The set of forecasts issued in March presented “a real communication issue because it seemed to be inconsistent with the underlying decision of the committee and the underlying guidance,” Lockhart said April 16. “Clearly, some way of coordinating that so there is consistency would be preferable to what happened recently.”

Enhancing Clarity

Fed officials have long been dissatisfied with the dots. Within months of their first release in 2012, officials were already discussing “enhancing the clarity and transparency” of the projections, according to minutes of their June 2012 gathering.

Officials are unlikely to support identifying each dot because investors perceive that only the chair’s is relevant, according to Michael Gapen, senior U.S. economist at Barclays Plc in New York.

“I’d be looking for which dot is Yellen and that’s the one I would care about — that’s what an investor would tell you,” said Gapen, a former member of the Fed board’s Division of Monetary Affairs. “There’s really only one that matters.”

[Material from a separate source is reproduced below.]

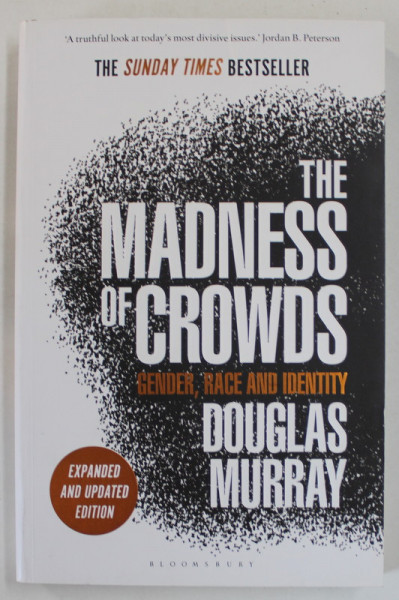 THE MADNESS OF CROWDS , GENDER , RACE AND IDENTITY , EXPANDED AND UPDATED EDITION by DOUGLAS MURRAY , 2020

Identifying which forecasts come from governors and presidents also isn’t likely to win support because “you still would be taking a whole set of dots and making them less important,” Gapen said.

Seeking Insight

Difficulties aside, the dots are useful for investors seeking insight into the Fed’s intentions, said Laura Rosner, a U.S. economist at BNP Paribas SA in New York and a former researcher at the New York Fed.

“It provides more information and more open communications,” Rosner said. While the forecasts may sometimes clash with the statement, “overall it’s a step in the right direction.”

Roberto Perli, a former Fed board economist, said the March forecasts for faster interest-rate increases reflected improved prospects for economic growth.

“If you didn’t have the dots, you probably would have missed the fact that the committee as a whole is a bit more confident on the economic outlook,” said Perli, a partner at Cornerstone Macro LP in Washington. “That’s good information to have.”

Bond Buying

The importance of the projections will only grow as the Fed nears the end of its bond-buying program, prompting investors to focus more on the timing of a rate increase, said Stephen Stanley, chief economist at Pierpont Securities LLC in Stamford, Connecticut, and former Richmond Fed researcher.

At its March meeting, the FOMC decided to reduce monthly bond purchases by $10 billion, to $55 billion, and said it would continue to cut them in “measured steps.”

“The dots are going to take on more significance,” Stanley said. “They’re going to be the main qualitative guidance that the Fed gives.”